The court voided $80 billion in duties via a 1977 law, per Reuters. Trump hit back with a 10 per cent global levy under Section 232, eyeing 15 per cent. It started Tuesday at 10 per cent. Trump vowed in his State of the Union that duties “will remain in place under fully approved and tested alternative legal statuses.” Markets dipped 1-2 per cent.
“No one likes uncertainty,” said Haldy’s Push Sharma, who shelved U.S. plans. “We had already done the trademark registrations, the groundwork, discussions with distributors. Then everything suddenly felt very drastic. We had to defer our plans.”

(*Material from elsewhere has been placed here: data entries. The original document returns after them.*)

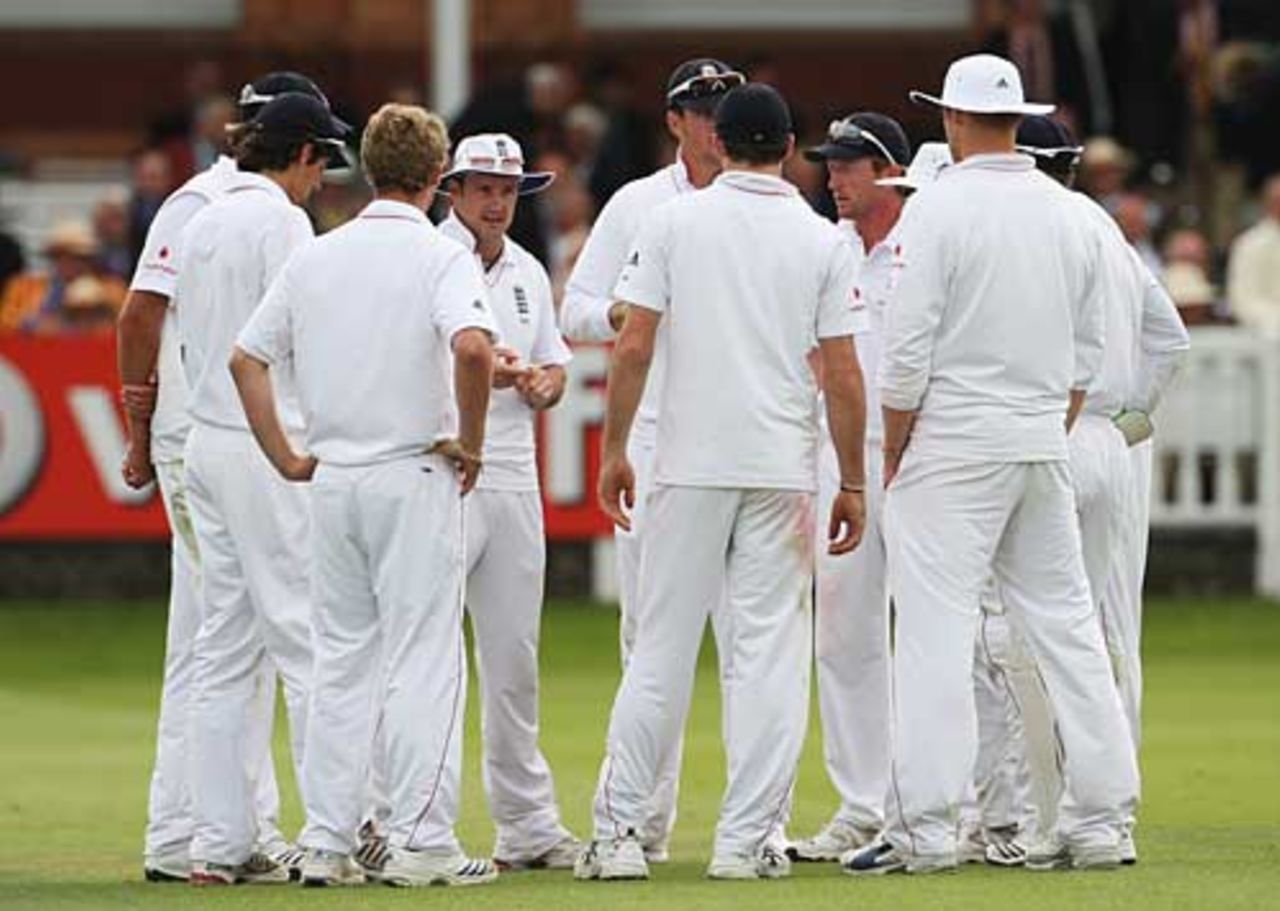 Andrew Strauss gets his team into a huddle before the new ball, England v Australia, 2nd Test, Lord's, 4th day, July 19, 2009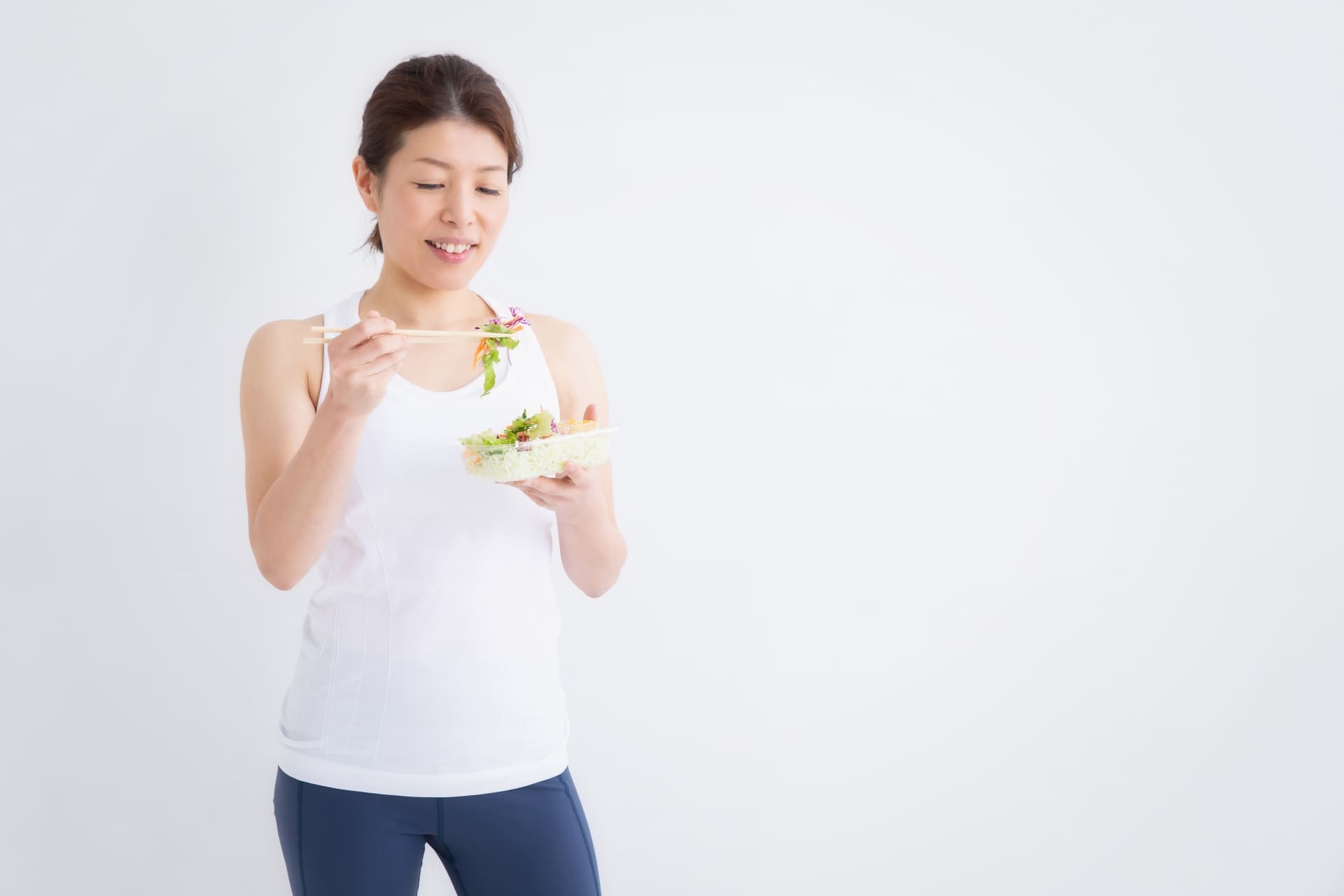 筋肉をつけるのに必要な「たんぱく質の量」は？49件の研究データで確認した本当の目安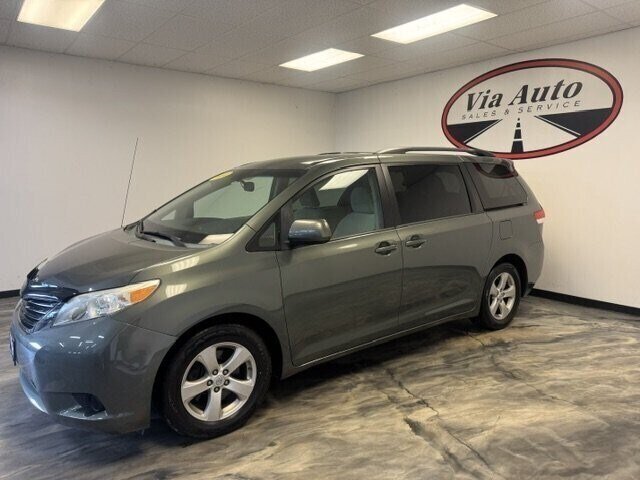 2014 Toyota Sienna LE 7-Passenger Auto - Photo 4 - Spencerport, NY 14559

2025 tariffs hiked costs 15-20 per cent. “It was a big slap in the face,” said Lanna Clothing’s Tomi Mäkelä. “I can’t eat the cost forever. So I need to increase the price.”
“Should we move supply chains from one country to another without knowing the rules of the game? Welcome to navigating tariffs in 2026,” Wedbush’s Dan Ives noted.
“If you don’t know what your final costs will be, the cost of doing business becomes very difficult,” Sharma said. Singapore’s Kok Ping Soon agreed uncertainty hurts most.
Haldy shifts to Malaysia; “I’ve made a conscious decision to look at things that are within my control,” Sharma said. Lanna eyes Canada.
DHL’s Niki Frank said refunds are murky. “It is too early to assess how potential refunds may be processed or what they will look like.” FedEx sued for refunds.
China looms. “It’s very hard to keep China out of play,” Sharma said. “If it’s made in China, there’s a 25% tariff.”